The Gateway would allow astronauts to stay for a month or so, and to make repeated trips to the Moon’s surface. If it is built, it would solidify the future of lunar exploration, paving the way for decades of visits to the Moon. That, hopefully, means NASA will avoid repeating Apollo 17, and avoid abandoning the Moon for another half century.
The Future
All this, of course, depends on far more than the SLS. If it launches successfully next week, NASA will have a proven Moon rocket. But they still do not have a lander, nor space suits for the crew to wear on the surface. Both are under development, but neither may be ready in time for a landing in 2026. Indeed, NASA has already delayed the landing several times – plans originally called for astronauts to walk on the surface by 2024.
The agency is likely to delay things again, but a landing before the end of this decade does not look unlikely. Indeed, given the rising possibility of a Chinese landing in the 2030s, NASA may find itself under increasing political pressure to get there first. A new space race – if America cannot land in the next few years – is not out of the question.
Might America also follow through with plans to stick around on the Moon? It’s worth remembering that the Apollo Program, too, was ambitious. It originally called for many more missions, and foresaw a larger effort to explore and settle on the Moon. After the excitement of the landing, and the cooling of the race with the Soviets, those plans were cast aside.

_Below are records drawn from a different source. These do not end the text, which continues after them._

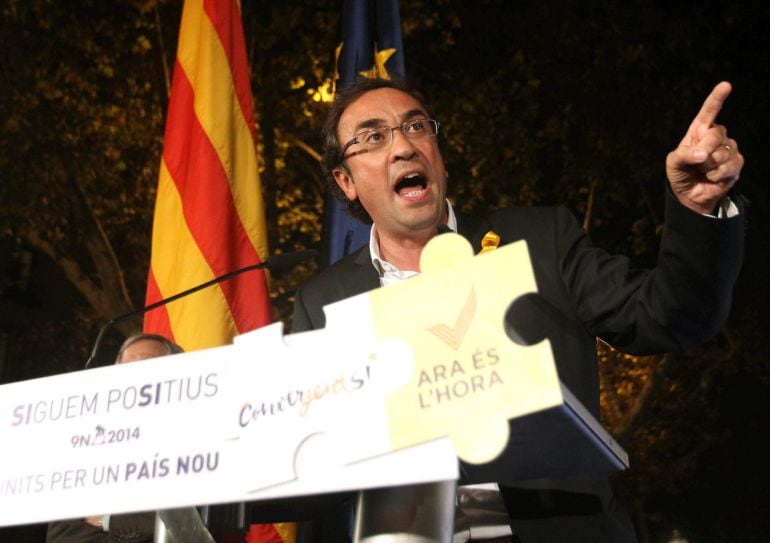 GRA472. BARCELONA, 29/10/2014.- El coordinador general de CDC, Josep Rull, durante el acto central de pegada de carteles de cara al proceso participativo del 9N celebrado esta noche en Barcelona. EFE/Toni Garriga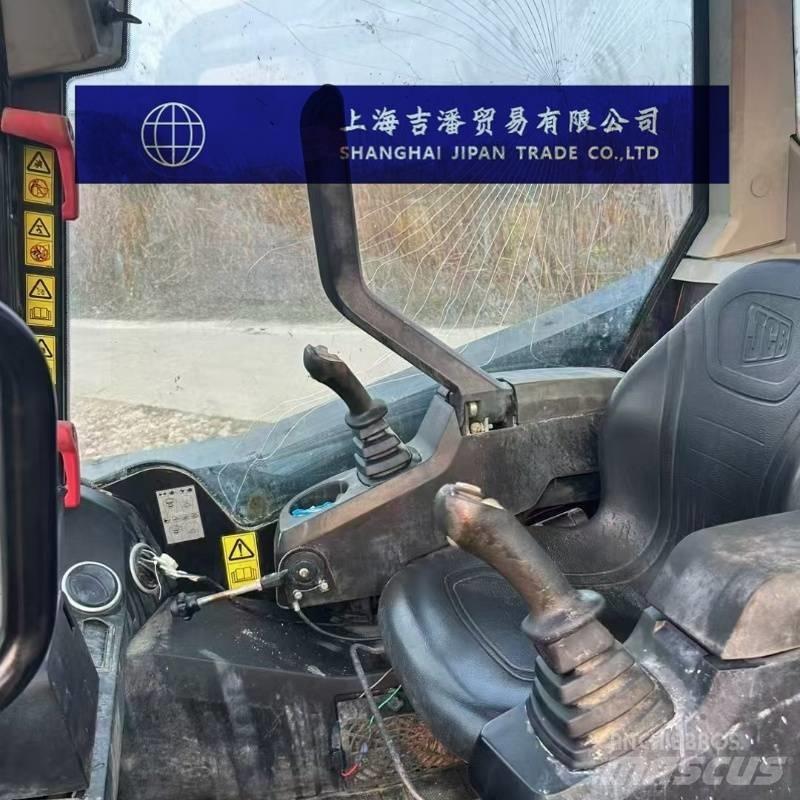 JCB 155 Kompaktrakodók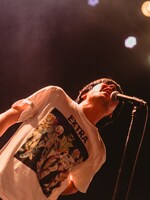 吉田靖直（Vo）（Photo by Jun Yokoyama）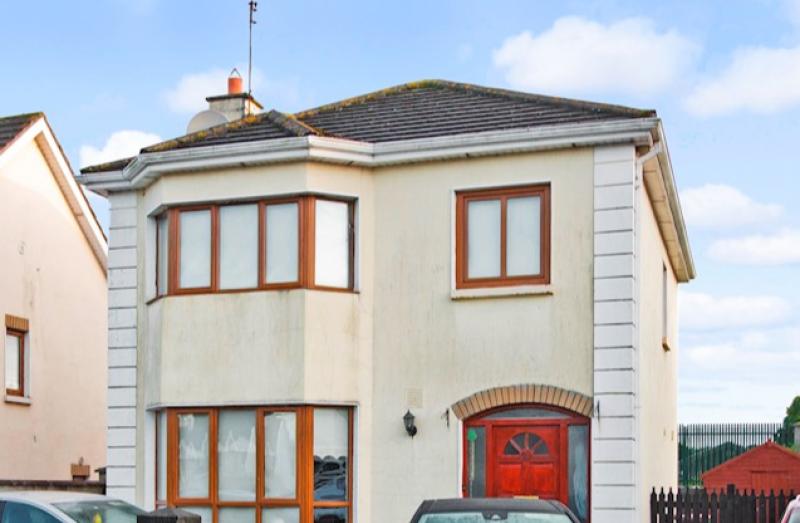 House in Offaly sells for well above asking price at online auction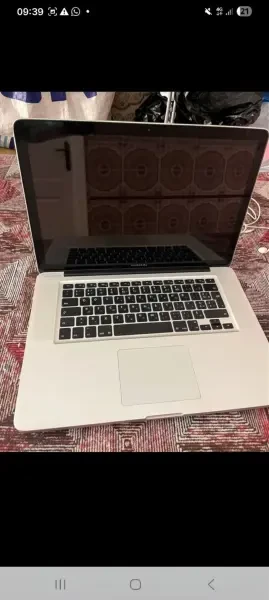 Mac Booc - 1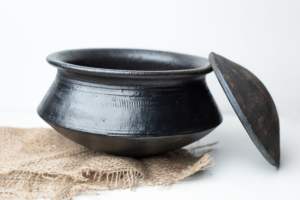 Casserole en métal pour la cuisson du biryani avec deux poignées et couvercle en céramique, design classique écologique pour cuisinières à gaz et à induction - Product Image 6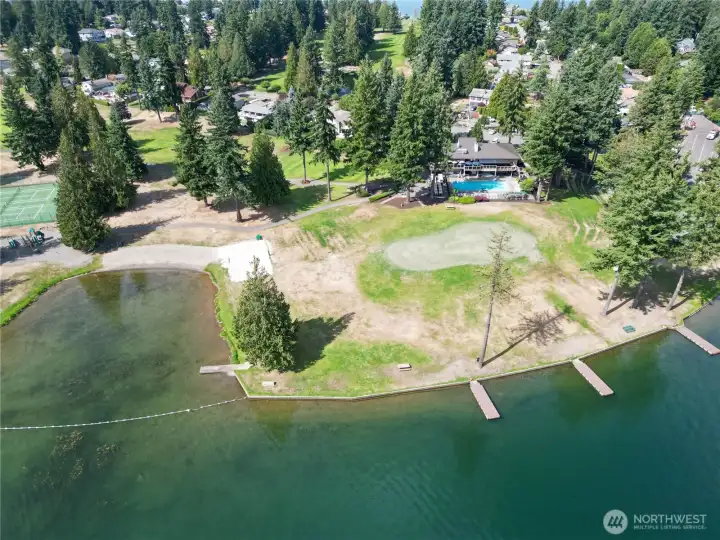 Tapps Island community amenities include a clubhouse, restaurant, boat launch, golf course, pool, playground, tennis courts, and private lakefront access with shared docks.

Indeed, though NASA hint at plans for repeated visits to the Moon, the Artemis program is designed in a way which could see it end early. Artemis I, II and III form a standalone set of missions: together they will prove NASA, and America, can still set foot on the Moon. Only once that is done does NASA propose to start building out infrastructure.
It is all too easy to imagine a future where NASA cancels the Artemis program after the third launch: perhaps citing the cost of the SLS, or facing shifting political priorities once more. Not everyone in NASA agrees that the Moon is a good target. Some would prefer to focus our attentions on sending astronauts to more distant places: to nearby asteroids, and eventually to Mars.
In the end, whether NASA stays the course or not probably depends on two external factors: what the Chinese do, and what SpaceX does. China is steadily building out its space program, and already has a space station of its own. The Moon is in its targets, and China’s plans call for a systematic program to put a research base on the Moon by the end of the 2030s. It is hard to imagine America ceding the Moon to China without a fight.
As for SpaceX, their rockets may end up offering a better alternative to the SLS. The company already has the Falcon Heavy, a rocket that could be used to build the Lunar Gateway. A bigger rocket, Starship, could both carry astronauts to the Moon and land them on the surface. NASA already wants to use it as part of Artemis III. It could, too, one day provide a cheap and powerful way to send tonnes of equipment to the Moon, or beyond.
Indeed, even if NASA does stick with the Artemis program, it may morph radically by the end of this decade. In the face of Chinese pressure, America may seek a cheaper and faster path to the Moon. The SLS cannot offer this – but America’s booming private space industry may be able to.